Try it
Leave every picture out, then reproduce the rest of the listing exactly.
━━ Information supplied ━━
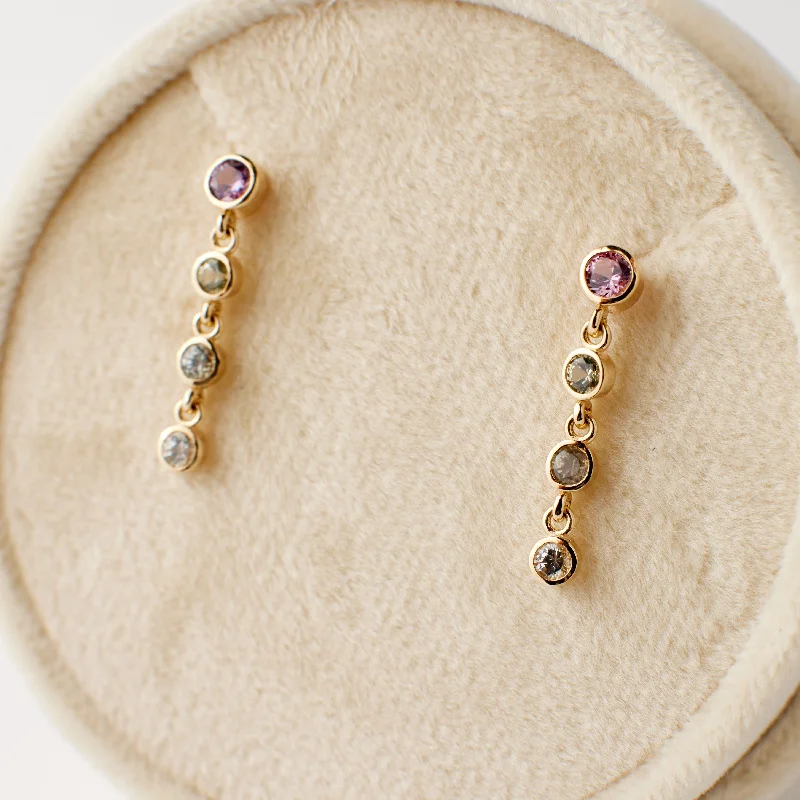 Best hoop earrings with vintage coins for a retro, antique-inspired style-Logan Earrings - Pink + Green Sapphires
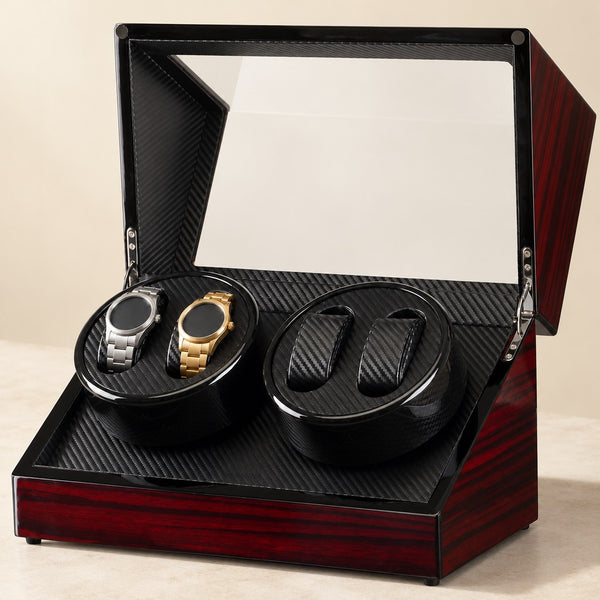 Gloss Lacquer 4-Watch Winder with Dual Rotors - US Plug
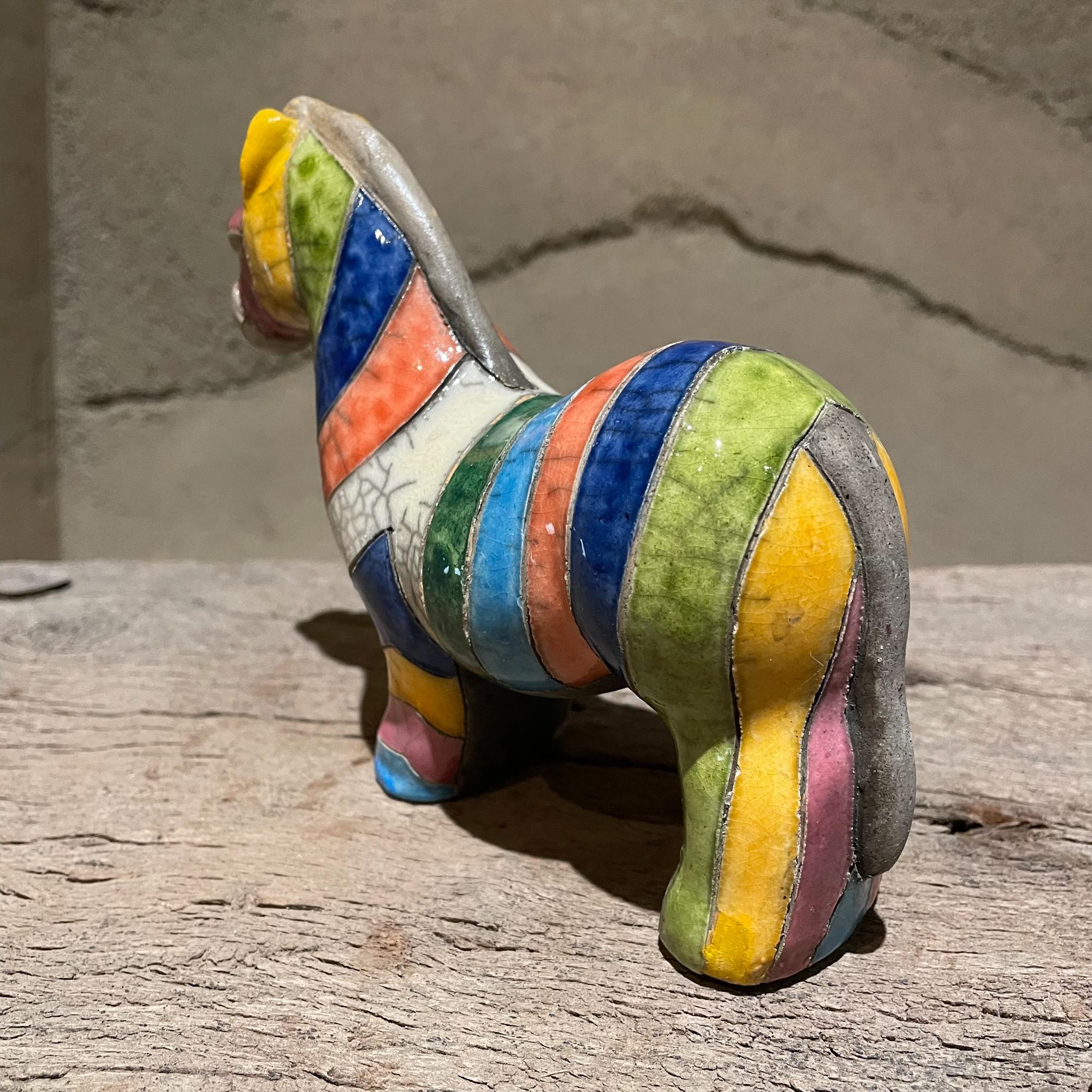1970s Too Cute Colorful Ceramic Pottery Animals Hippo Pig Horse  For Sale 5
━━━
Response to this task
 Best hoop earrings with vintage coins for a retro, antique-inspired style-Logan Earrings - Pink + Green Sapphires
 Gloss Lacquer 4-Watch Winder with Dual Rotors - US Plug
1970s Too Cute Colorful Ceramic Pottery Animals Hippo Pig Horse  For Sale 5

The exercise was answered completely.